Rezension

Eine sehr spezielle Lebensgeschichte

Die Marschallin - Zora del Buono

Die Marschallin
von Zora del Buono

Familie kann man sich nicht aussuchen, sagt man so ja gerne. Man wird in sie hineingeboren und muss dann mit dem Erbe, das sie einem hinterlässt seinen eigenen Weg finden. In den meisten Familien ist dieses Erbe ziemlich trivial, vielleicht eine Tante, die etwas gaga im Kopf war, oder ein Onkel mit Hang zum Alkohol. In dieser Familie ist das Erbe schon etwas bedeutender und schwerer und dieses Buch dient der Autorin vielleicht in gewisser Weise dazu etwas persönliches aufzuarbeite und zu reflektieren, aber vielleicht auch dazu, den Blick auf einen dunklen Punkt in der jüngeren Vergangenheit zu lenken. 

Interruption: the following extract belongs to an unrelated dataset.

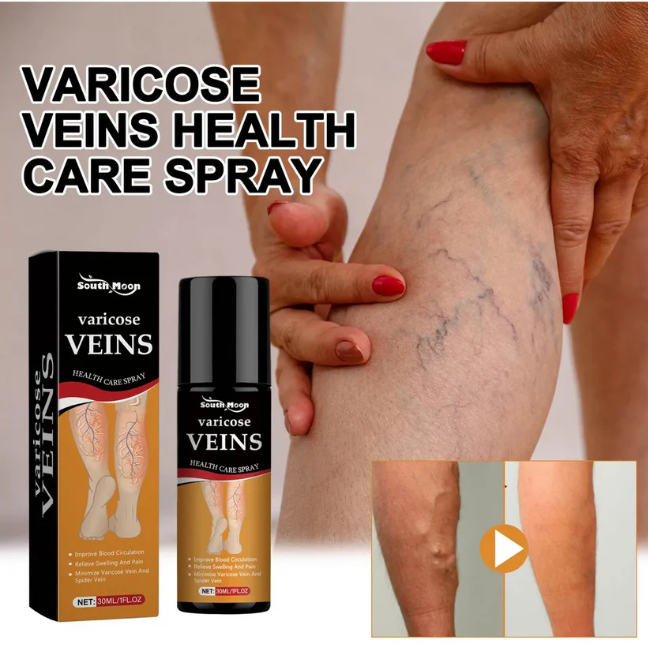 Varicose Veins Spray – Natural Herbal Formula for Fast Relief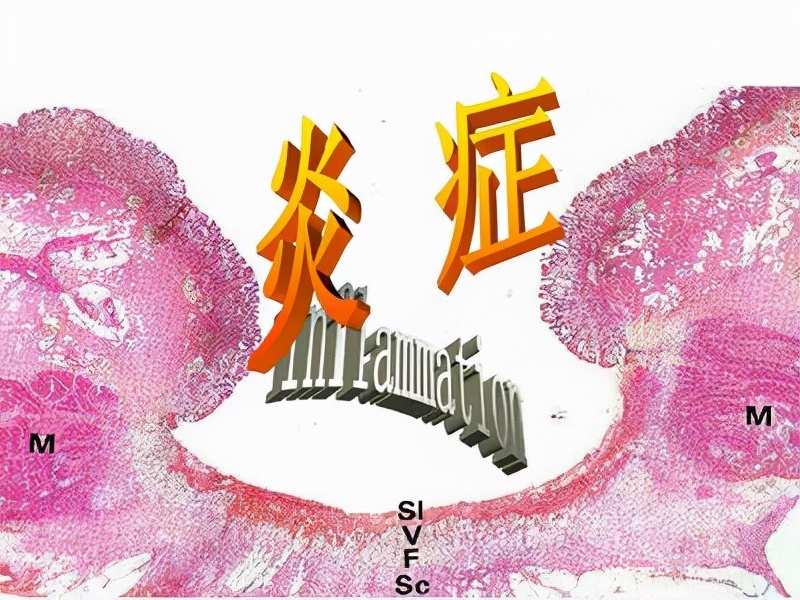 从炎症到癌症需要多久,从炎症到癌症要多久时间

Die Autorin ist die Enkelin von Zora del Buono und trägt auch deren Namen, ein Name, der den Trägerinnen wohl nicht unbedingt Glück bringt, generell sind schon mehrere Familienmitglieder nur bedingt mit Glück gesegnet, gab es doch eine ungewöhnliche Häufung von plötzlichen Todesfällen, in denen meist ein Auto eine Rolle spielt. Von diesen Begebenheiten erfährt der Leser aber erst im zweiten Teil des Buches genaueres. Dem zweiten Teil, der nur wenige Seiten ausmacht und in den achziger Jahren angesiedelt ist, die Großmutter krank und vereinsamt im Monolog mit ihrer tauben Pflegekraft im Altersheim. Der erste Teil dagegen nimmt fast das gesamte Buch ein und beschreibt das Leben der Zora Del Buono, ihre Kindheit und Jugend in Slowenien, den Krieg, die Bekanntschaft mit ihrem späteren Mann bis hin zu ihrem Leben als Arztgattin, Mutter, Vorstand eines riesigen Hauses und ganz zu vorderst glühende Kommunistin. Eine Gesinnung, die der Leser angesichts des Lebenswandels der Familie nur schwer einordnen kann.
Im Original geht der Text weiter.